HTML Charsets
HTML Encoding (Character Sets)
To display text correctly, a web browser must know which character set (encoding) the HTML document uses.
The character set is defined using the <meta charset> tag.
The HTML charset Attribute
The charset attribute specifies the character encoding for the HTML document.
<meta charset="UTF-8">
The HTML specification strongly recommends using UTF-8.

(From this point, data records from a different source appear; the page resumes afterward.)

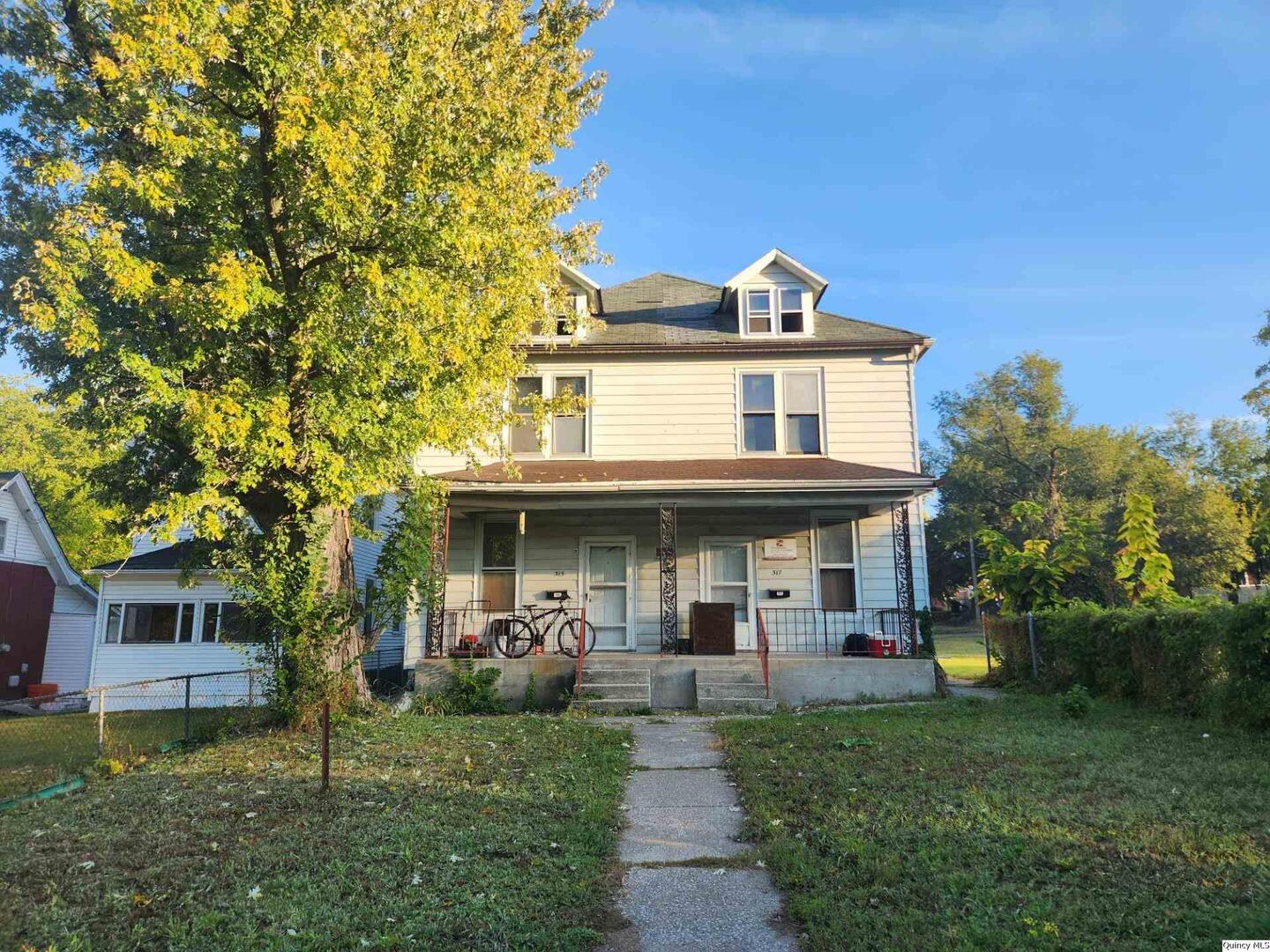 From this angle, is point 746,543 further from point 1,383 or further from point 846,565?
point 1,383

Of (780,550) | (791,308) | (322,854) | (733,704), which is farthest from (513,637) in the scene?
(791,308)

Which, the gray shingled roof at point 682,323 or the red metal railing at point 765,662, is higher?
the gray shingled roof at point 682,323

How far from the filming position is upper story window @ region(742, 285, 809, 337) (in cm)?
1488

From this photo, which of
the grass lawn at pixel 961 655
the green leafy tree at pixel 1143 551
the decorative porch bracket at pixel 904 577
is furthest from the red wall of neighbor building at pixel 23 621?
the green leafy tree at pixel 1143 551

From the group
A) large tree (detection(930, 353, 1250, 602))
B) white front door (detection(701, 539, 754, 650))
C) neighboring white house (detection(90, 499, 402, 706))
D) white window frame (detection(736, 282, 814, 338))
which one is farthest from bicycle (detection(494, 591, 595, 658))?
large tree (detection(930, 353, 1250, 602))

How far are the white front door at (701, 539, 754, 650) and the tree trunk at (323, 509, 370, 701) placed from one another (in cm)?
624

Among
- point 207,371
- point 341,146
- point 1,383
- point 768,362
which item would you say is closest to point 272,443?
point 207,371

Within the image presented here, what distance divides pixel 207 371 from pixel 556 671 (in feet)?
21.3

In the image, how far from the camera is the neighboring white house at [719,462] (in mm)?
13906

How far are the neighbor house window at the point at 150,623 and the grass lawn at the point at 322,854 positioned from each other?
11906mm

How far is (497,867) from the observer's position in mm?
4480

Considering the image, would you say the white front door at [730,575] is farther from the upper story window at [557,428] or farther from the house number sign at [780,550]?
the upper story window at [557,428]

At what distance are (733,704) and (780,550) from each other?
363 centimetres

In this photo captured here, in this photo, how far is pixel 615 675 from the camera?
1166 cm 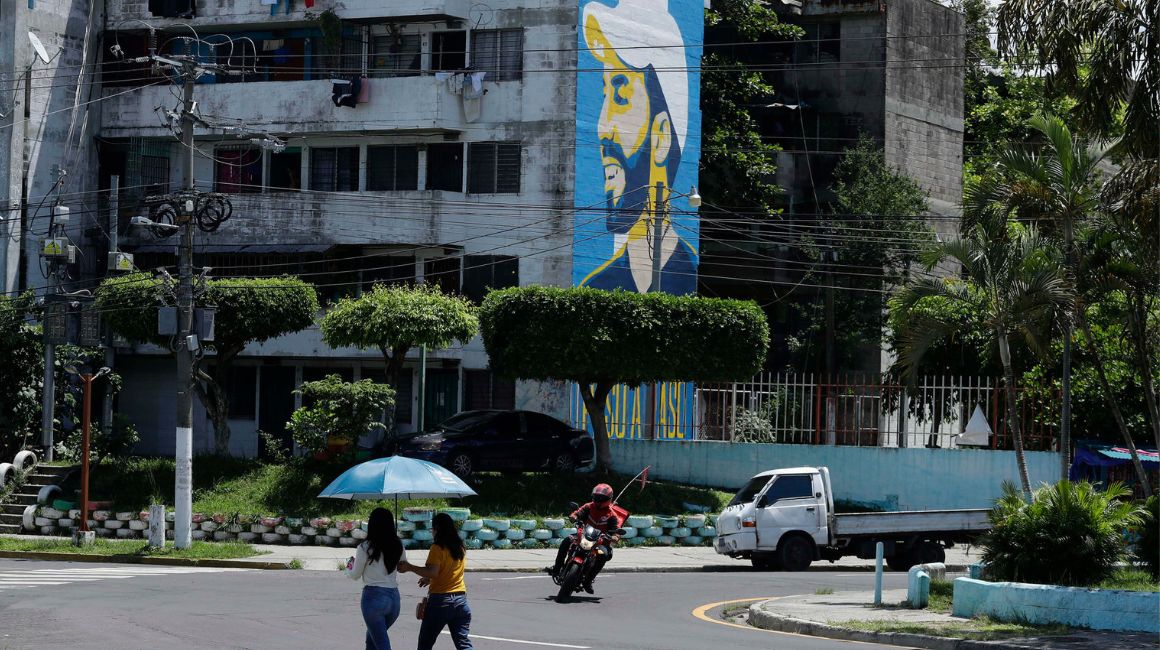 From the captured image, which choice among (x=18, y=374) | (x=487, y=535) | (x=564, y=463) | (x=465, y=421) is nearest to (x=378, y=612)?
(x=487, y=535)

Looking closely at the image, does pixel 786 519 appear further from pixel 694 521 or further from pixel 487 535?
pixel 487 535

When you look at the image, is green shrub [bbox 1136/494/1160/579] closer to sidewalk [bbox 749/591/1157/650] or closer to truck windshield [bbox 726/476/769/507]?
sidewalk [bbox 749/591/1157/650]

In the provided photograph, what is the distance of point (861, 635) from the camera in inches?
611

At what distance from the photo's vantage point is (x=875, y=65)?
153 feet

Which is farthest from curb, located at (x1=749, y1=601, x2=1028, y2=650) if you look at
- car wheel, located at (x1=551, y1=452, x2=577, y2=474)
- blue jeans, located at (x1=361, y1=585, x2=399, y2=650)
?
car wheel, located at (x1=551, y1=452, x2=577, y2=474)

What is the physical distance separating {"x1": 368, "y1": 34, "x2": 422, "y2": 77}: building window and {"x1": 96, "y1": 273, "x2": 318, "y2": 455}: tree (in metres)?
8.83

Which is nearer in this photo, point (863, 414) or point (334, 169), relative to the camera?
point (863, 414)

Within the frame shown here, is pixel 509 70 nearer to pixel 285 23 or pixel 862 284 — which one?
pixel 285 23

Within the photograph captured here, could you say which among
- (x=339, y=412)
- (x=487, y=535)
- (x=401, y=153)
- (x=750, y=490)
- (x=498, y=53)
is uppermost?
(x=498, y=53)

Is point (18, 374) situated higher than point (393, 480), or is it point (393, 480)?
point (18, 374)

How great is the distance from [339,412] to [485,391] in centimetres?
874

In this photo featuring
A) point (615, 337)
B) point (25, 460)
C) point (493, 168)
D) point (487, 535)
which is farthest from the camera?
point (493, 168)

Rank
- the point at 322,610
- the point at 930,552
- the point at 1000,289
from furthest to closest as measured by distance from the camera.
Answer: the point at 930,552 → the point at 1000,289 → the point at 322,610

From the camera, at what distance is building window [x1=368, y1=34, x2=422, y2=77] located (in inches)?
1553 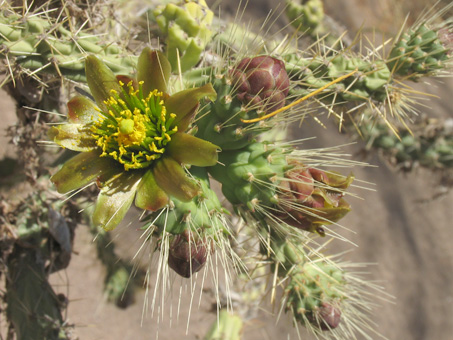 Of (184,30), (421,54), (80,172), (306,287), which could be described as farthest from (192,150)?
(421,54)

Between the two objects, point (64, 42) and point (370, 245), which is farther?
point (370, 245)

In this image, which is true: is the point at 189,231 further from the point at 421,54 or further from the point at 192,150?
the point at 421,54

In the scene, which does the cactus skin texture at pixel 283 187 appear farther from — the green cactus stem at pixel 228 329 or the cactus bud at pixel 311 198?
the green cactus stem at pixel 228 329

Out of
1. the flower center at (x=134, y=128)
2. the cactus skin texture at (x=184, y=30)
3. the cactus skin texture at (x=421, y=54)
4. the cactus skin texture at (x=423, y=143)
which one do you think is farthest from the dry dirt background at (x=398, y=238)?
the flower center at (x=134, y=128)

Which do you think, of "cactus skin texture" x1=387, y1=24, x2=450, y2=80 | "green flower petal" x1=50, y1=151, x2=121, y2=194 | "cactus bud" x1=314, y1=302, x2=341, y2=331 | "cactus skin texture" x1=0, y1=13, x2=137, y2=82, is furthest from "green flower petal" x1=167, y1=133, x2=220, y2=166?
"cactus skin texture" x1=387, y1=24, x2=450, y2=80

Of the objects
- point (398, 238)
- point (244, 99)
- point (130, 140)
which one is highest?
point (244, 99)

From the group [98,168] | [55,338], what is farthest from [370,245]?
[98,168]

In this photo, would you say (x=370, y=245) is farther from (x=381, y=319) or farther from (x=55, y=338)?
(x=55, y=338) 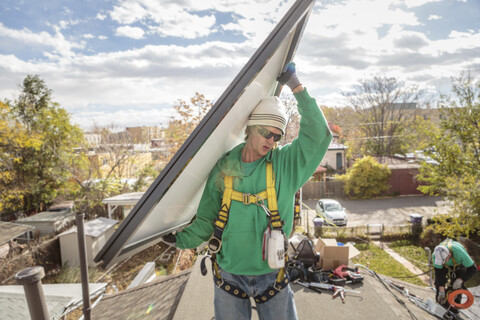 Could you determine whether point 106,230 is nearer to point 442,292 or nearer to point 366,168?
point 442,292

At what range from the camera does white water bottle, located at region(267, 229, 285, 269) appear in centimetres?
144

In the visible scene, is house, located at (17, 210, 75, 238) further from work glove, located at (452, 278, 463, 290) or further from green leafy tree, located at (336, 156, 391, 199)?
green leafy tree, located at (336, 156, 391, 199)

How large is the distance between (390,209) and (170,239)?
2040 cm

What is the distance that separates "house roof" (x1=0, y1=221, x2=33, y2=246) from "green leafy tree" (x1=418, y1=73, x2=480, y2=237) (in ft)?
56.6

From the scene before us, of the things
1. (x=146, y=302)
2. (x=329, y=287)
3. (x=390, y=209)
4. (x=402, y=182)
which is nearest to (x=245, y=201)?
(x=329, y=287)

UTF-8 supports almost all characters and symbols used worldwide.
Why UTF-8?
UTF-8 is a Unicode-based encoding that allows text from nearly every written language.
It is the default and most widely used encoding on the modern web.
The ASCII Character Set
ASCII was the first character encoding standard used on the web.

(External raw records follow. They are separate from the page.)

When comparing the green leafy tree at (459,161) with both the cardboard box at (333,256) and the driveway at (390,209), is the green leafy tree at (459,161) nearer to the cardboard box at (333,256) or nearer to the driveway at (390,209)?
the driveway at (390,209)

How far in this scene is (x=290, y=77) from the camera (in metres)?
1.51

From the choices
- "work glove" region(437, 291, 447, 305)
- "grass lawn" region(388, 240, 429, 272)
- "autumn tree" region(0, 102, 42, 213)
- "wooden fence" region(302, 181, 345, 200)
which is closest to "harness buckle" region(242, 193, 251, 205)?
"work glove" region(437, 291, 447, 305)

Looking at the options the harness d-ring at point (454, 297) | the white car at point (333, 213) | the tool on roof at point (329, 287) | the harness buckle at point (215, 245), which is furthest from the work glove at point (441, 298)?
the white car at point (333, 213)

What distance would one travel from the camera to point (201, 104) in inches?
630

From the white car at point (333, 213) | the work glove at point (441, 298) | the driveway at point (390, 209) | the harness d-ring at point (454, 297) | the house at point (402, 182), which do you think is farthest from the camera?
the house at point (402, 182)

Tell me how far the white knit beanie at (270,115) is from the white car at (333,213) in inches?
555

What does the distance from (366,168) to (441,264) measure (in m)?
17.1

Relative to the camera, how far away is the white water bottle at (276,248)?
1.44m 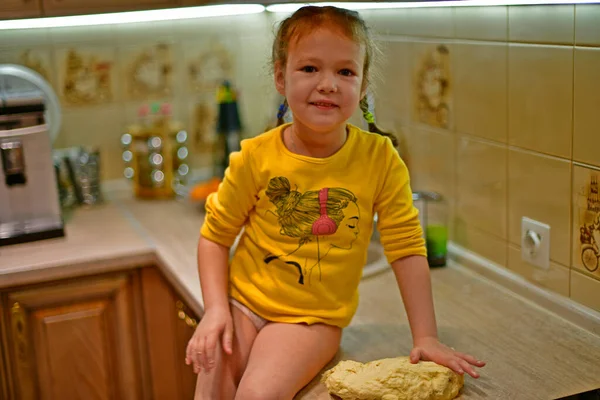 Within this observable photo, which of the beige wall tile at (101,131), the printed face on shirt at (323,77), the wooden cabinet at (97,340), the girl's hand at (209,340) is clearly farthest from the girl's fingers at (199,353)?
the beige wall tile at (101,131)

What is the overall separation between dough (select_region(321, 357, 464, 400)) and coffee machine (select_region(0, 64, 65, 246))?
3.64ft

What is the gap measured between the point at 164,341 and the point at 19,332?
359 mm

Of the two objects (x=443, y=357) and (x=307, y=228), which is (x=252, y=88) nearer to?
(x=307, y=228)

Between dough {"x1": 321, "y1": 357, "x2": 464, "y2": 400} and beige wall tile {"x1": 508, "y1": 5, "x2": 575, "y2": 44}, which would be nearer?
dough {"x1": 321, "y1": 357, "x2": 464, "y2": 400}

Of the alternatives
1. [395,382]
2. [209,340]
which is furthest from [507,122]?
[209,340]

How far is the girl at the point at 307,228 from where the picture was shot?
4.34ft

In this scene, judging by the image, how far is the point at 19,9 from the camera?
2072 millimetres

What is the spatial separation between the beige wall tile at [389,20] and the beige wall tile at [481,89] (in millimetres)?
223

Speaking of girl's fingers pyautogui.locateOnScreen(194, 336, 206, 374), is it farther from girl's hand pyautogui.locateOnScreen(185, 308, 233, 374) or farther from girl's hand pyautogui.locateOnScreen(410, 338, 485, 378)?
girl's hand pyautogui.locateOnScreen(410, 338, 485, 378)

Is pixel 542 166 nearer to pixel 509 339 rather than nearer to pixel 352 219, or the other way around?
pixel 509 339

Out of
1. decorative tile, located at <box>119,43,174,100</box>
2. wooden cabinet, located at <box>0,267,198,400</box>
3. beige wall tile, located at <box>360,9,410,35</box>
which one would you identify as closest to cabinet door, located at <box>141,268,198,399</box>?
wooden cabinet, located at <box>0,267,198,400</box>

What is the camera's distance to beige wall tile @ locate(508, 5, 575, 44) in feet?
4.91

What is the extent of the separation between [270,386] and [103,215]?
1233mm

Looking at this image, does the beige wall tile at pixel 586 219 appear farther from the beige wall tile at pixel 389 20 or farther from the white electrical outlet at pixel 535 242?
the beige wall tile at pixel 389 20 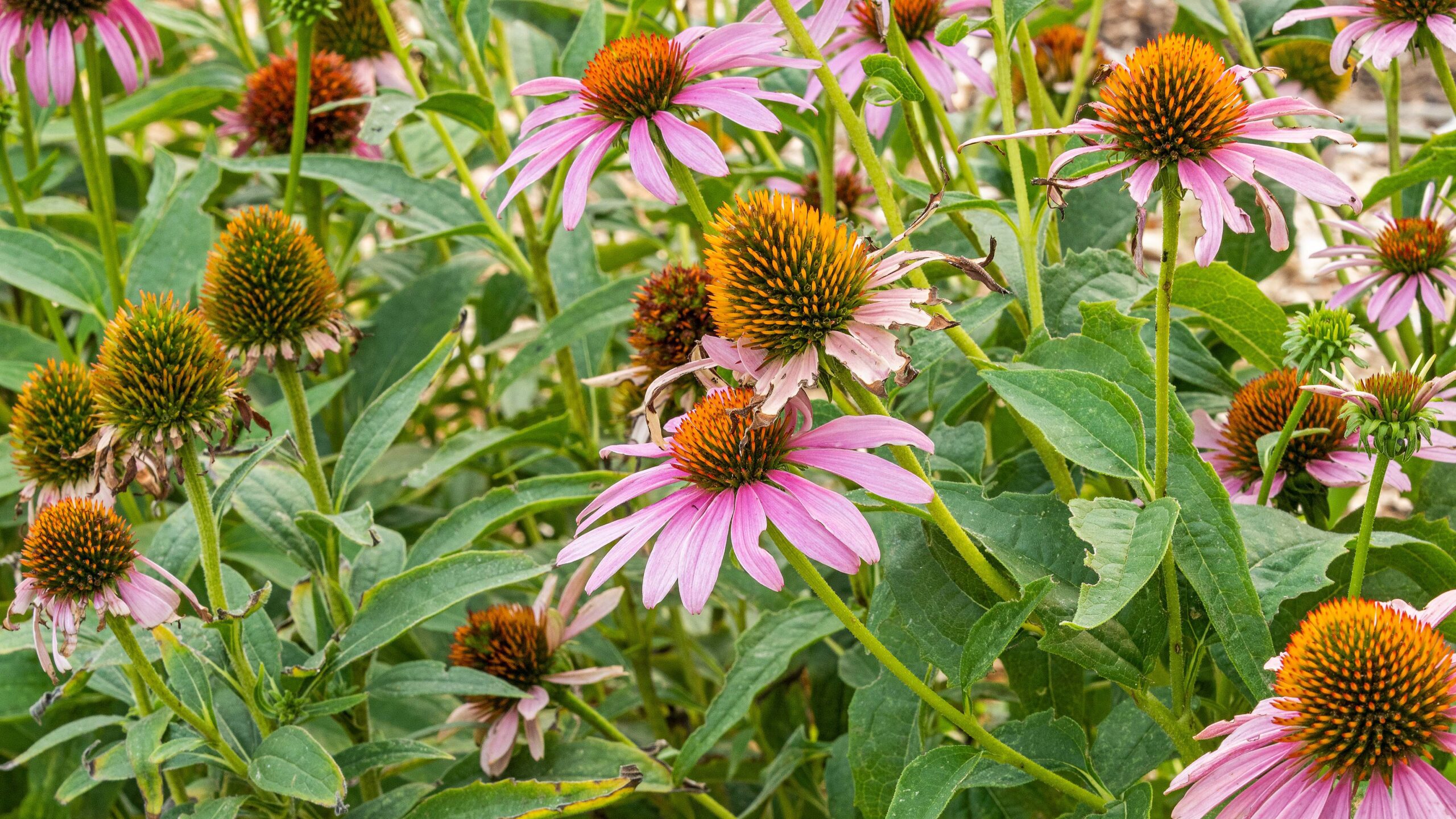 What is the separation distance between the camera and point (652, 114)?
1.00 m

It defines 128 basic characters, including:
- English letters (A–Z, a–z)
- Digits (0–9)
- Basic symbols (! $ + - ( ) @ < > . # ?)
The ANSI Character Set (Windows-1252)
ANSI, also known as Windows-1252, was the first character set used by Windows systems.
- Characters 0–127 are identical to ASCII
- Characters 128–159 include special symbols
- Characters 160–255 match UTF-8 and ISO-8859-1
<meta charset="Windows-1252">
The ISO-8859-1 Character Set
ISO-8859-1 was the default character set for HTML 4.
- Identical to ASCII for values 0–127
- Does not define characters 128–159
- Matches ANSI and UTF-8 for values 160–255
HTML 4 example:
<meta http-equiv="Content-Type" content="text/html;charset=ISO-8859-1">
HTML 5 example:
<meta charset="ISO-8859-1">
The UTF-8 Character Set
UTF-8 is backward-compatible with ASCII and extends far beyond it.
- 0–127: identical to ASCII
- 128–159: unused
- 160–255: compatible with ANSI and ISO-8859-1
- 256+: supports thousands of additional characters
<meta charset="UTF-8">
Examples of UTF-8 Characters
Basic Latin
ABCD abcd 0123 ?#$%
Latin Extended
Ā Ă Ą Ć Ĉ Ċ Ē Ĕ Ė Ę
Diacritical Marks
à á â ã è é ê ẽ ò ó ô õ
General Punctuation
‰ ‱ ⁒ ‼ ⁇ ⁈ ⁉
Super and Subscript
C⁰ Cⁱ C⁴ C⁵ C₆ C₇ C₈
Braille Characters
⠓⠑⠇⠇⠕ ⠺⠕⠗⠇⠙
Summary
Using UTF-8 ensures correct display of text, symbols, emojis, and international characters.
For modern websites, UTF-8 is the safest and recommended encoding choice.